Galtier-Boissière commence par souligner l’ironie de la relation entre les éditeurs et les poètes. Contrairement à la croyance populaire, les éditeurs aiment les poètes, mais surtout ceux qui peuvent payer leurs frais de publication. Étant donné que les recueils de poésie ne se vendent généralement pas bien, les poètes doivent souvent financer eux-mêmes l’impression de leurs œuvres. C’est dans ce contexte que M. Godoy, multimillionnaire et poète, décide de relancer la revue « Phalange ».

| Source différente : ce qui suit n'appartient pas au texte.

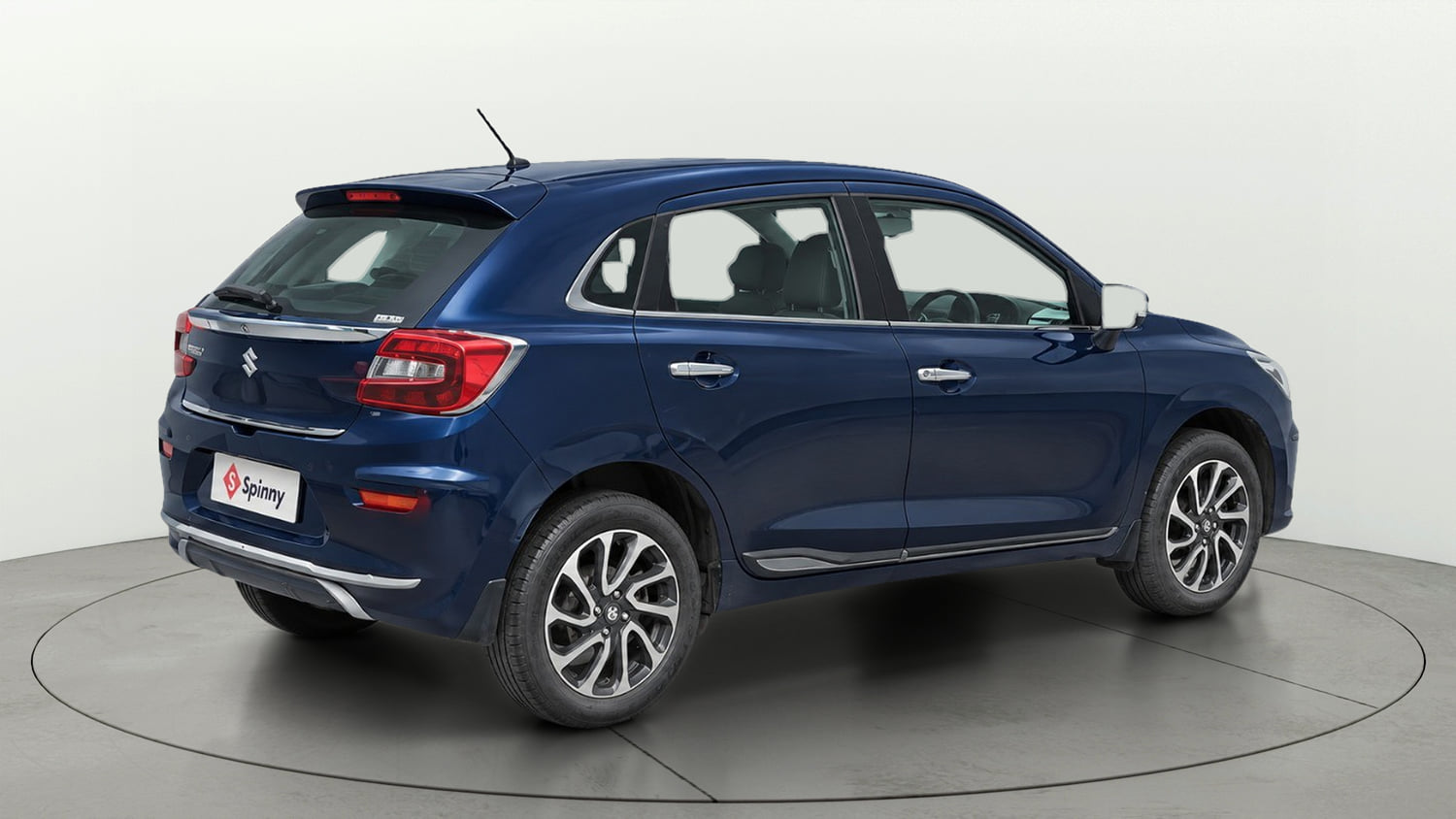 Used 2023 Maruti Suzuki Baleno Alpha AGS Petrol Automatic exterior RIGHT REAR CORNER VIEW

Pour attirer l’attention sur sa revue, M. Godoy choisit de consacrer un numéro spécial à Mussolini et à la guerre d’Éthiopie, en pleine période où le monde est outré par les actions du dictateur italien. Galtier-Boissière ironise sur cette initiative, notant que M. Godoy a réussi à réunir une « élite » d’écrivains pour chanter les louanges de Mussolini à un moment où son régime est largement condamné.
Parmi les contributeurs, Galtier-Boissière mentionne :
– M. J. Germain : Ancien combattant et écrivain, il décrit sa visite au Musée de la Révolution fasciste à Rome, accompagnée de Marinetti, le fondateur du futurisme et propagandiste fasciste.
– M. L.L. Sosset : Un Belge qui critique violemment l’attitude de son propre pays envers les sanctions contre l’Italie, louant Mussolini de manière excessive.
– Un poète suédois : Qui, contrairement à la majorité de ses compatriotes, soutient l’agression italienne en Éthiopie, même après le bombardement d’une ambulance de la Croix-Rouge contenant des blessés abyssins et des médecins suédois.
M. Godoy lui-même contribue au numéro, dépeignant Mussolini comme un homme de « Bonté » et de « simplicité ». Il raconte une anecdote où Mussolini corrige poliment un officier sur l’usage du couteau à poisson, pour illustrer sa « modestie » et son souci des conventions sociales.
Galtier-Boissière conclut en soulignant l’absurdité des louanges des contributeurs, particulièrement celles de M. Godoy, dont les éloges semblent déconnectées des réalités brutales de la guerre. Il contraste les « caresses embaumées » des idéaux poétiques avec les souffrances bien réelles des femmes et des enfants éthiopiens sous les bombardements italiens.
Ce texte satirique de Jean Galtier-Boissière critique non seulement la pratique des poètes fortunés finançant leur propre renommée, mais aussi l’usage cynique de la poésie pour glorifier des régimes oppressifs, exposant l’hypocrisie et la déconnexion de certains intellectuels de leur époque.